Many of them are fund administrators or custodians, areas where Ireland has quietly built up expertise. The managing director of one of those companies, William Slattery of State Street International, describes it as "the single most successful economic cluster established in the Celtic Tiger era, employing 10,000 people across 30 plus firms with an extended footprint across the whole country".


Even he admits, however, that the sector is not well known here. "It's often known as back office [but] it's a very high value-added and complex activity that's poorly understood."


Slattery said the main growth businesses for companies such as his have been fund and security servicing, where Ireland has developed a very good position in an area, along with hedge funds, that has seen major growth for the last 15 years. Hedge funds are private investment vehicles that typically use aggressive investment strategies and are usually limited partnerships.


"Ireland has a strong position in servicing those markets. We have developed that expertise over time," Slattery said. "Once you have that, others go there to get that expertise. It's an English language industry which is helpful, and accountancy and third-level education is important for it, and Ireland has more third-level graduates per capita than almost any other country."


Slattery said there is no reason to think the growth in hedge funds and fund services and administration will not continue in the medium term.

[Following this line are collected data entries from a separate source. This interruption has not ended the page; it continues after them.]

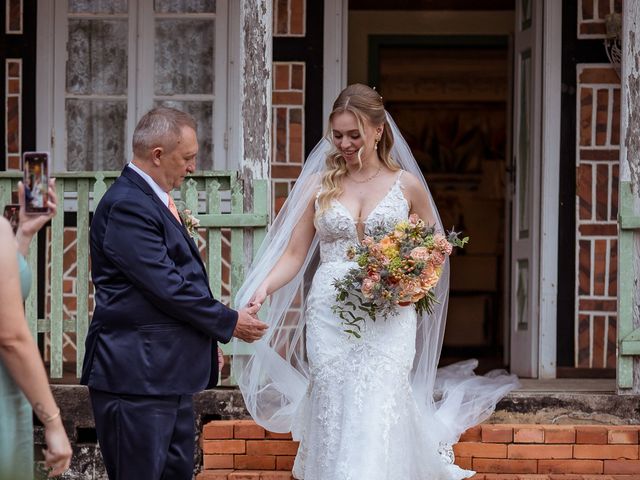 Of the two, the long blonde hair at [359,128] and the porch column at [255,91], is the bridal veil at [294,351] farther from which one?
the porch column at [255,91]

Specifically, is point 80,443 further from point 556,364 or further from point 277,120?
point 556,364

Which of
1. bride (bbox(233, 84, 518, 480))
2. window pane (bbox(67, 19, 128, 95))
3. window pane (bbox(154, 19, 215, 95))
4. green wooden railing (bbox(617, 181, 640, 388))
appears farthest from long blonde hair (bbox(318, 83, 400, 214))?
window pane (bbox(67, 19, 128, 95))

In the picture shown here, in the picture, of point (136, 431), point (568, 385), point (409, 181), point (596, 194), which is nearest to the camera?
point (136, 431)

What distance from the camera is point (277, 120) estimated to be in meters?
8.59

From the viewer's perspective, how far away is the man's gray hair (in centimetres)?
477

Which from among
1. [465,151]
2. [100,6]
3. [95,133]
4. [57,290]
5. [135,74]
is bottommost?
[57,290]

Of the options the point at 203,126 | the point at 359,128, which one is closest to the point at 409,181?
the point at 359,128

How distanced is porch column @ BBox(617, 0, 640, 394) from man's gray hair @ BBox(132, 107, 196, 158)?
3.16m

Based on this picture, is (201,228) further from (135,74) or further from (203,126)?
(135,74)

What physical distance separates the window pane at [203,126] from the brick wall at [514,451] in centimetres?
245

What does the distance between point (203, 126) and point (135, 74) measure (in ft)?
1.95

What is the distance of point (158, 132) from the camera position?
477 centimetres

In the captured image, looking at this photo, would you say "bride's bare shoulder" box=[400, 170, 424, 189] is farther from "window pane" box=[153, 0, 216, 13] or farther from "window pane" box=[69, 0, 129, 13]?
"window pane" box=[69, 0, 129, 13]

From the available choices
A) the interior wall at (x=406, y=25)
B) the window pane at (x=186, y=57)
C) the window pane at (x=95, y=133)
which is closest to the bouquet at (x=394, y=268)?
the window pane at (x=186, y=57)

"The industry is pretty resilient and has counter-cyclical elements to it that helps stability over revenue," he said. "If markets are down, foreign exchange might be strong. Lending revenue is currently strong."


Including affiliates, State Street employs 2,400 people in Ireland and plans to continue to grow the business, which will move to new offices at Sir John Rogerson's Quay in Dublin next year. Quoted on the New York Stock Ex­change, it had $15.3trn in assets under custody and $1.9trn in assets under management at the end of June.


Slattery said the Irish operation has been growing overall staff numbers despite moving some elements such as preliminary accounting and reconciliations to lower-cost jurisdictions.


As revealed in the Sunday Tribune last week, Citco, which services the alternative investment industry and is an independent provider of corporate and trust services, is to lease 76,000 square feet of new office space at Heuston South Quarter in Kilmainham in Dublin from the second quarter of next year. Citco Group companies provide corporate/ fiduciary and fund administration, banking and data processing services.


Citco has four Irish operations and has been providing international financial services from Ireland for more than 10 years from Dublin and Cork. It employs over 4,000 staff worldwide, more than 1,100 of whom are in Dublin and Cork. In 2006, according to IDA figures, the company employed more than 600 people, meaning its employment numbers have almost doubled in just two years.


The downturn has dramatically changed the industry's labour market, Slattery said, making it easier to attract and retain people in a sector that saw an annual turnover of 25% of staff between 2005 and 2007. Wages had also spiralled, Slattery said, "creating a danger that we would have done serious damage to our competitiveness."


State Street alone hired about 600 graduates, or 1.5% of all graduates from third level, in both 2006 and 2007. In total, the company recruited 900 staff here in both 2006 and 2007.


Asset management company Pioneer Investment Management oversees the asset management of €110bn from its Dublin base, employs 550 people including contractors and is now looking to sell its products in Ireland. The Irish company made a pre-tax profit of €272.3m for the year ended 31 December 2006.


State Street's Slattery believes there will be more consolidation. "You'll find people putting businesses up for sale as they want to rationalise. We are seeing a lot of that at the moment," he said, adding that State Street is on the record as looking to acquire.


Last week the company took a strategic stake in Percana, a Dublin provider of software and outsourcing services to the life and pensions industry.


It did so via International Financial Data Services (Ireland), its joint venture with US software company DST Systems.


"We did it to support it, to enable it grow rapidly. There's a good platform and good people there," Slattery said. "The support of an institutional shareholder will help growth and extend its reach broader and more deeply into the global assurance market".


Slattery warned that competition between jurisdictions for financial services investment was now "acute".